Today I’ve seen a couple of posts from newcomers which very much read like they have been generated by an LLM (overconfident, generic, sometimes weird mistakes).
Do we have any policy for how to respond to such posts? We certainly don’t want to be drowned in LLM-generated content but it’s not entirely easy to avoid false positives and it would be quite rude to accuse a genuine newcomer of not writing their posts themselves.
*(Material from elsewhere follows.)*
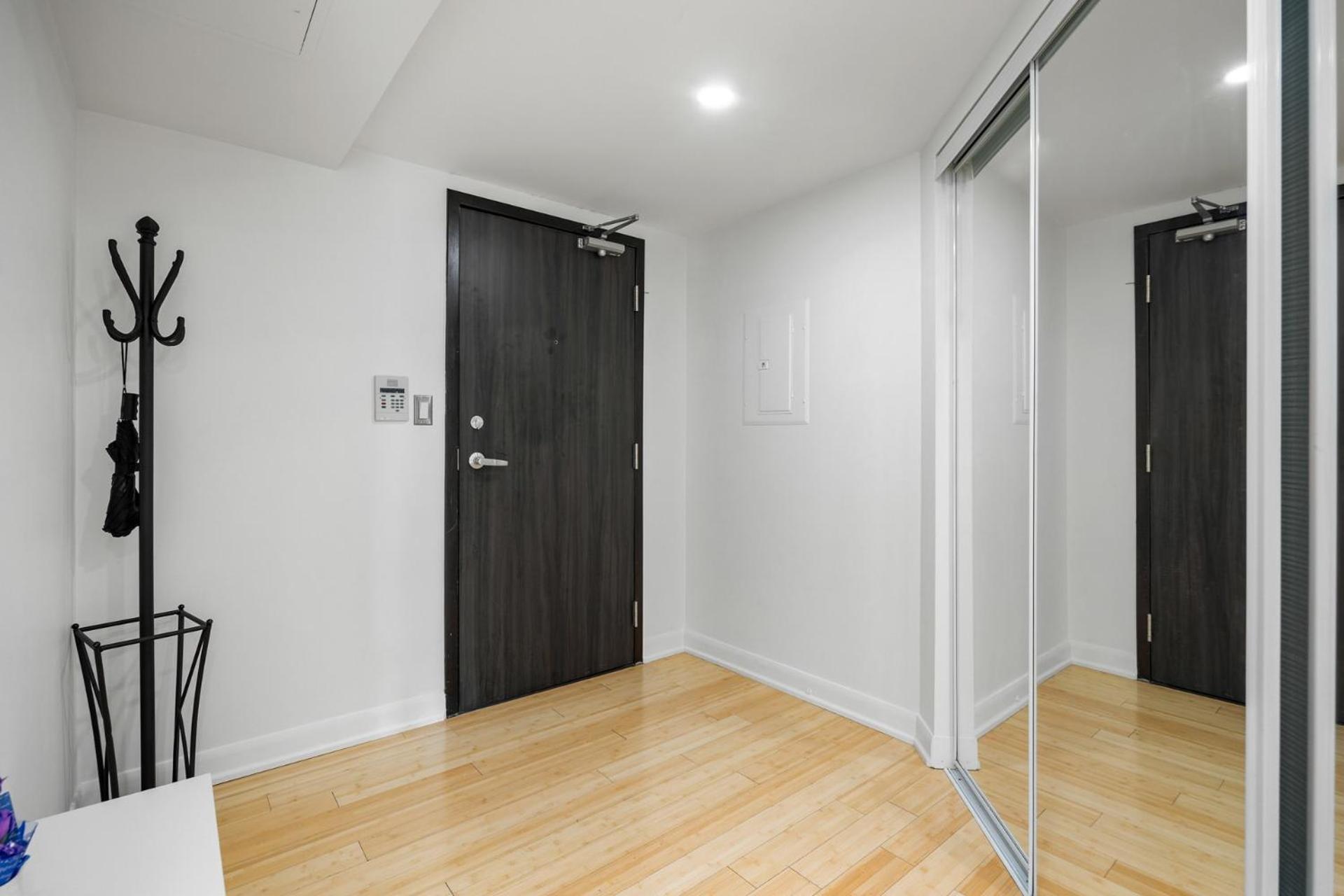 Modern 2-Bedroom Condo W Floor To Ceiling Windows Торонто Екстериор снимка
If they’re spammy, delete and block. If they may be genuine, but give off a strong LLM vibe, maybe send a friendly personal message. It might be a challenge to find the right tone to engage with the author about what kind of contributions we’d like to see, i.e., posts with a more personal character. As you say, it could come off as quite rude to accuse someone of posting LLM slop when they didn’t use an LLM.
On the other hand, I’m not sure how strict one needs to be with anti-LLM policies. I feel like the author of a post is responsible for the content they post, no matter what. I don’t necessarily care what tools they used to write their post. If they got help from an LLM, they should at least review it and probably edit it so that it’s something they can personally stay behind. If they post high-volume low-quality garbage, they should be blocked, whether or not an LLM was used in writing the post.
Basically, instead of trying to make guesses on whether something is LLM-generated, just consider every post on its own merit. But maybe I’m underestimating the magnitude of the problem. LLMs could certainly drown a forum in garbage. If that really becomes a serious issue, Discourse will probably have to tweak their “trust level” system a bit to fight that.
It’s odd, it’s the same firstname###lastname spam we had a few weeks ago already, just this time they’re not including a link to some website in a punctuation mark or something (as far as I can see).
Some folks here use language models for natural language translation, which can make this a little trickier, but yeah. As mods, we can also see several other signals of inauthentic new users… so please flag away!
Why is it even possible that a bot can post? Is there no straightforward way to prevent this? Have all these captchas over the years been for nothing but AI training? Or is the question about what to do when people copy text from an LLM response into their post?
I don’t think they’re actually fully autonomous bots, but rather actual people driving semi-supervised scripts and automations that allow them to rapidly create throwaway IPs, emails, and accounts.